“You, yourself, as much as anybody in the entire universe, deserve your love and affection.”
― Gautama Buddha
“I’m no good.”
“I’m not worth much.”
“I don’t have anything to offer.”
“Who would want someone like me?”
How does a person’s self-esteem get so low? When does the slide from healthy contentment and self-confidence to shame and persistent self-hatred begin?
When does low self-esteem begin?
Who you believe yourself to be really does feel like fact.
It really does seem that what you know about yourself is undeniably, inescapably true.
But no matter how strongly you feel, you should understand that what you believe about yourself is really just a conglomeration of internal opinions. These opinions result from a myriad of life experiences that you’ve consciously, and unconsciously, translated into messages about the type of person you are, and what you’re worth to others.
Your experiences are powerful.
Negative experiences often communicate negative messages, and soon, negative beliefs about yourself take root. And too often, your self-esteem begins its decline.
Attacks on self-perception are defining moments.
The most formative experiences of our lives tend to occur early on. The things you heard, saw, and felt, physically and emotionally, make an indelible mark on your childhood self-perception. When the potential for positive interaction is abused, wasted, or ignored – intentionally or otherwise – it’s difficult to recover.
Early social theorist, George Herbert Mead (1934), suggested that early childhood self-esteem is generally a reflection of how meaningful others communicate their view of us. The messages you interpreted from your caregivers, family, neighborhood and school community influenced you. If you found yourself unattached, mistreated, or overlooked, your self-esteem took the hits.
Consider this sampling of childhood self-esteem damagers:
*persistent, ongoing, or systematic punishment
*neglect or abuse from a person in authority or caretaker
*failure to live up to parental standards
*failure to meet peer-group standards
*serving as the receiver of other people’s stress
*belonging to a family or social group rejected or ostracised by others
*living without the warmth, affection, praise, or interest of loved ones
*consistently being the odd one out at home or school
It should be noted that self-esteem can be undermined later in life as well.
A deluge of negative beliefs about yourself may be caused by a relationship with an abusive partner, workplace bullying, or by intimidation in other types of relationships. Well-known American psychologist of the last century, Leon Festinger, determined that social comparison plays a key role when building and amending our self-esteem later on too, as may occur in periods of economic or social hardship. Unchecked stress and trauma often damage the way people see themselves as well.
From Defining Experiences to Stubborn Conclusions
The damaging experiences we internalise gnaw at us physically and emotionally. We take them with us. Our inner thoughts and self-talk take on the tone and language of those who set our self-esteem on its downward motion. General, unyielding conclusions are made. No matter how unhelpful, misguided, or misinformed, low self-esteem settles in.

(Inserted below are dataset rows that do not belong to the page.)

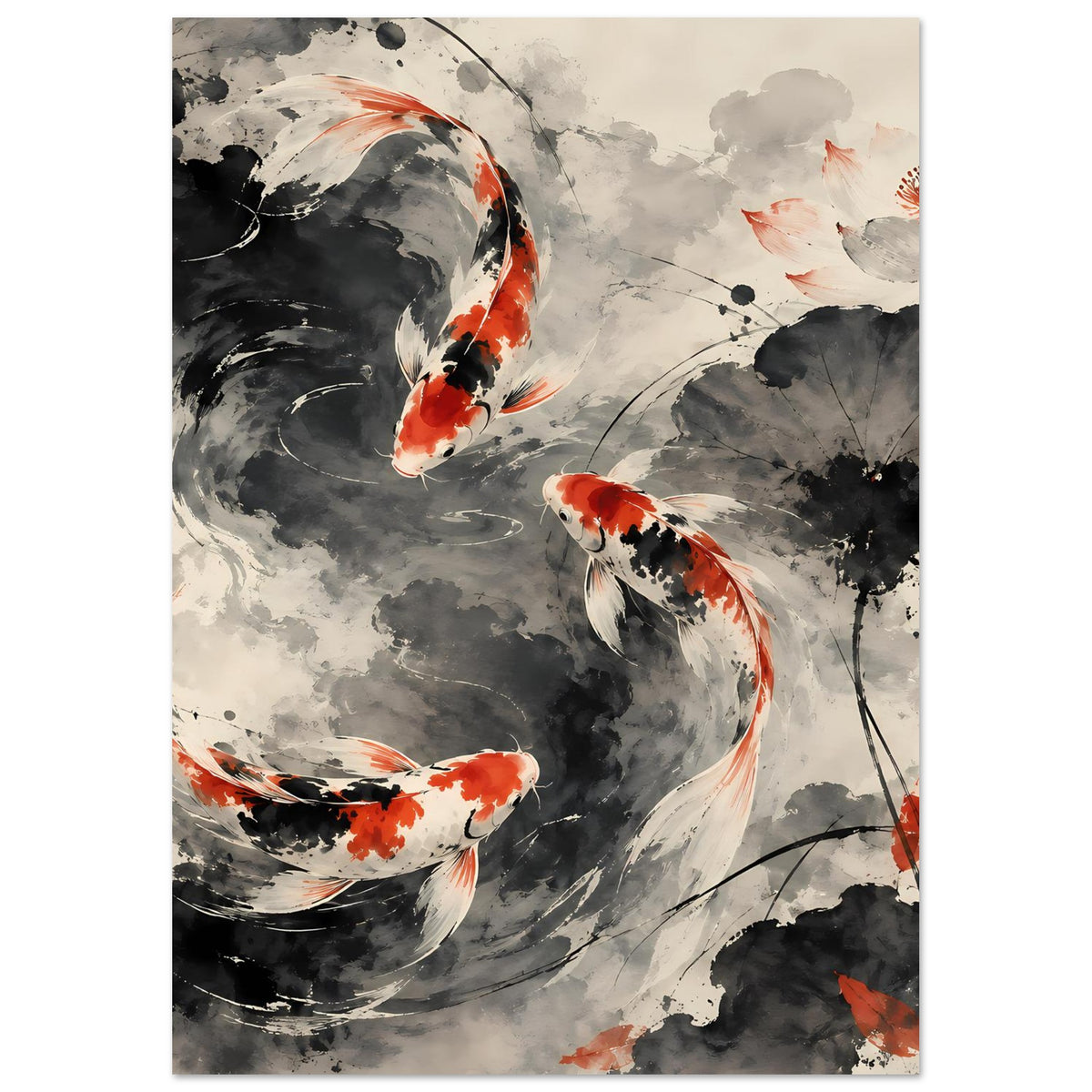 Poster mit Koi-Fischen im Tusche-Look, Hochformat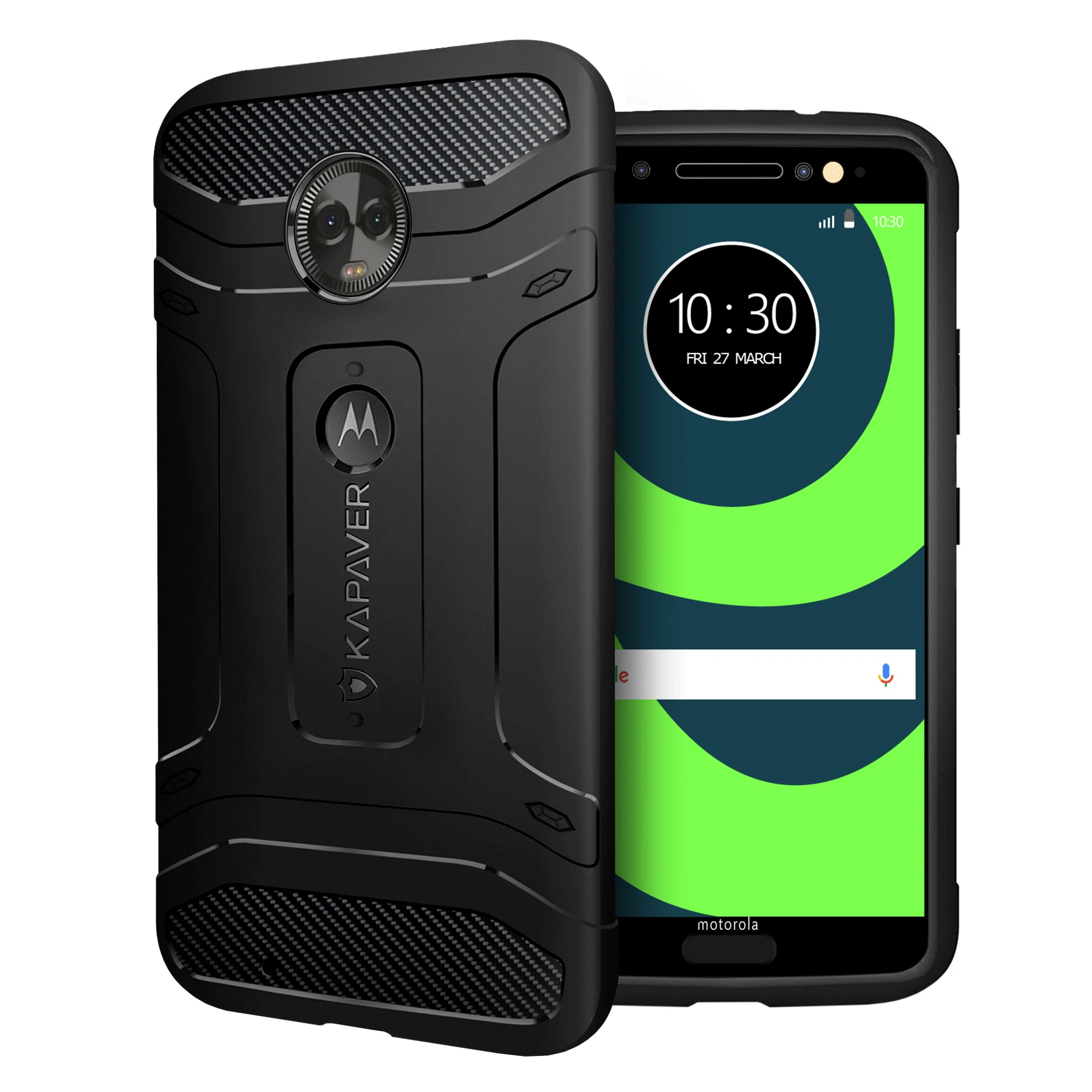 KAPAVER®Чехол для Moto G6 прочный черный ударопрочный тонкий задняя крышка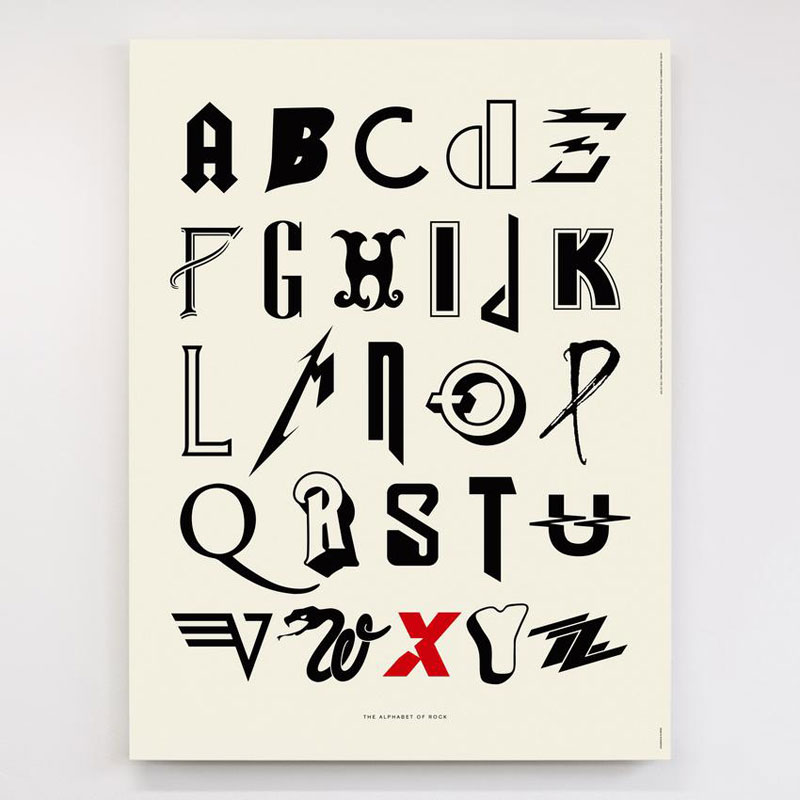 alphabet of rock music art print dorothy hero 850x Awesome Alphabet Posters Made from Classic and Alternative Rock Band Logos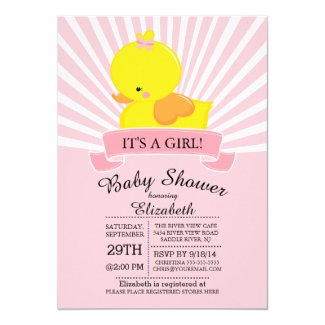 Modern Rubber Duck Girls Baby Shower Invitation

Once the low-esteem train gets moving, it’s hard to stop it. It gains steam from damaging, defining experiences to general conclusions, to the unchallenged thinking that is consistent with our poor opinion of ourselves. If you live with low self-esteem, often shame, withdrawal, and embarrassment become constant companions. There is a significant toll taken on personal contentment and the potential for fulfilling relationships.
To improve your self-esteem, help from a trained professional is ideal. With help, you can identify and process the relationships and circumstances that are in your way, and start forming more positive opinions of yourself.